Herzliche Grüße aus Hanau

Michael Gamer

2 Likes

Hallo Michael

Vielen Dank :blush:

Indeed as in any language, knowing the tricks helps a lot :wink: . I fully agree with your comment about KNIME (specially for teaching) and having two or more sources. The nice extra thing of KNIME is its great community - people like @armingrudd always willing to help with really amazing tricks and workflows, as you have experienced here.
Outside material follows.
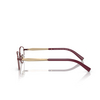 Tiffany TF1154TD Eyeglasses 6015 bordeaux - product thumbnail 3/4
KNIME summits in Berlin are also great to meet all these people !

Herzliche Grüße

Ael

4 Likes

Hi @mgamer

I want to suggest another solution. With the Extract Table Spec node it is not necessary to do a Transpose first to select the column-names (saves a lot of time with a large dataset). You can directly make a selection of row (using Sample node or Rule Engine node or …).
Knipsel
gr. Hans

4 Likes

Hi there everybody,

just to add info. Have added this functionality/request it into existing ticket (Internal reference: AP-14092) from this topic: Combined column cleaner/selecter tool [proposal]

@armingrudd this is what I had in mind :wink:

Br,
Ivan

2 Likes

@HansS Thank you for this hint - looks good and is easier than before

1 Like

This topic was automatically closed 182 days after the last reply. New replies are no longer allowed.